Dey’s Medical’s Keo Karpin even acted as a case study as to how a Bengali brand cleverly used advertising strategies with catchy taglines like ‘Hamesha Ready’ that emphasised its lasting quality with added ingredients Vitamin E and Olive oil. The campaign that advised the consumers — Hair ka insurance karo - roz Keo Karpin Karo. They sponsored music shows like ‘Sa Re Ga Ma Pa’ and associated with IPL Cricket for better visibility. Amid the clutter of several hair care products in the market, Keo Karpin continued to maintain its position and quality, resorting to interesting interactive rural activities like road shows and melas to promote the product.

Today they have four manufacturing units — three in West Bengal and one in Uttar Pradesh. It has state-of-the-art R&D labs and keeps strict control not only over procurement of raw materials and manufacturing processes but also over packaging and distribution. Other products include Keo Karpin Oil and two body oils — Herbal Body Oil and Olivoyl.

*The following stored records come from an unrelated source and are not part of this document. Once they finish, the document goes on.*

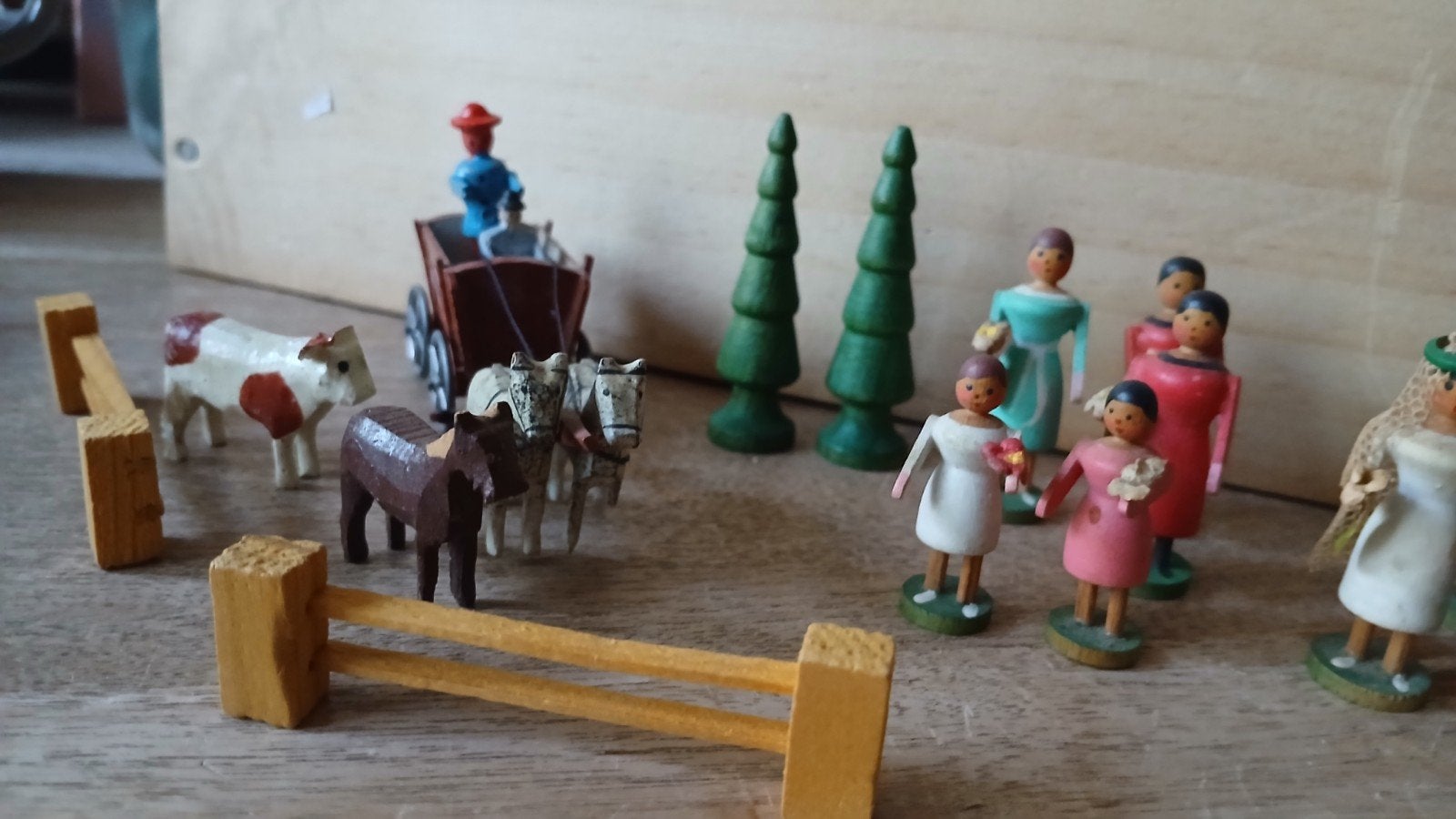 Vintage Erzgebirge Houten Bruidsstoet  met Paard e, Antiek en Kunst, Verzenden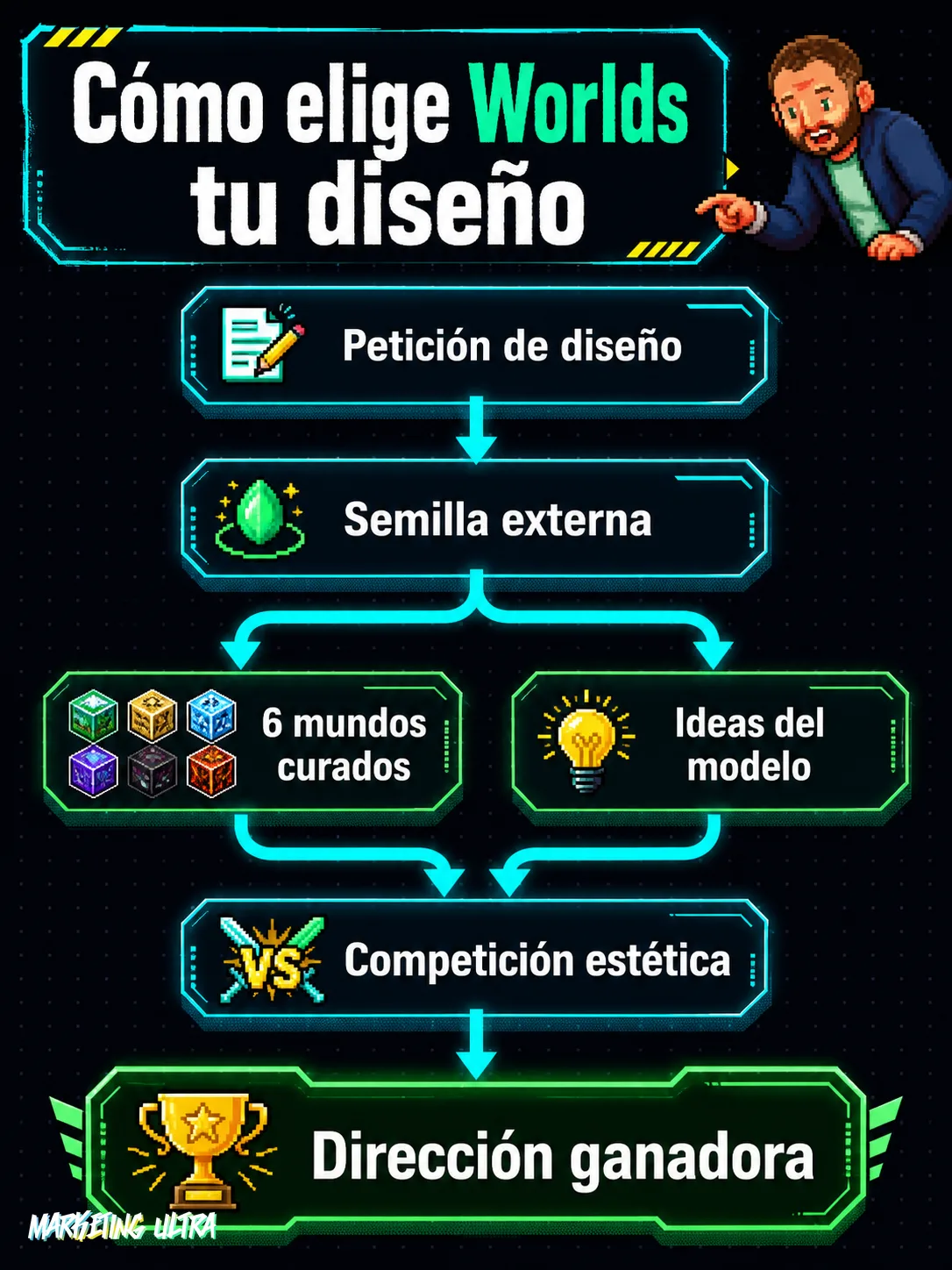 Diagrama de flujo del sistema Worlds de Impeccable 4.0: una semilla externa bifurca el proceso en 6 mundos curados y las propuestas del modelo, que compiten hasta elegir una única dirección ganadora.
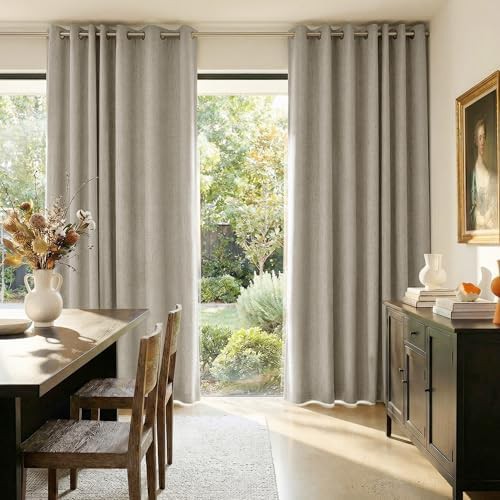 Beige linen total blackout sliding door curtain — photo 3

Its strong distribution network has been one of its greatest assets, but despite the consistently high quality of the product, it has limited international presence. It has won several awards including ‘India’s Most Trusted Hair Oil Brand 2015’ and the Superbrand status awarded in 2014-15 and 2016-17. The 2011-12 Consumer Voice Study gave it the number one brand position. It has been a consistently high-ranked presence in market surveys.

The name Keo Karpin has become synonymous with the ‘healthy oil’ tag. Interestingly, though it is perceived as a feminine brand, 42 per cent of Keo Karpin hair oil users are reportedly men!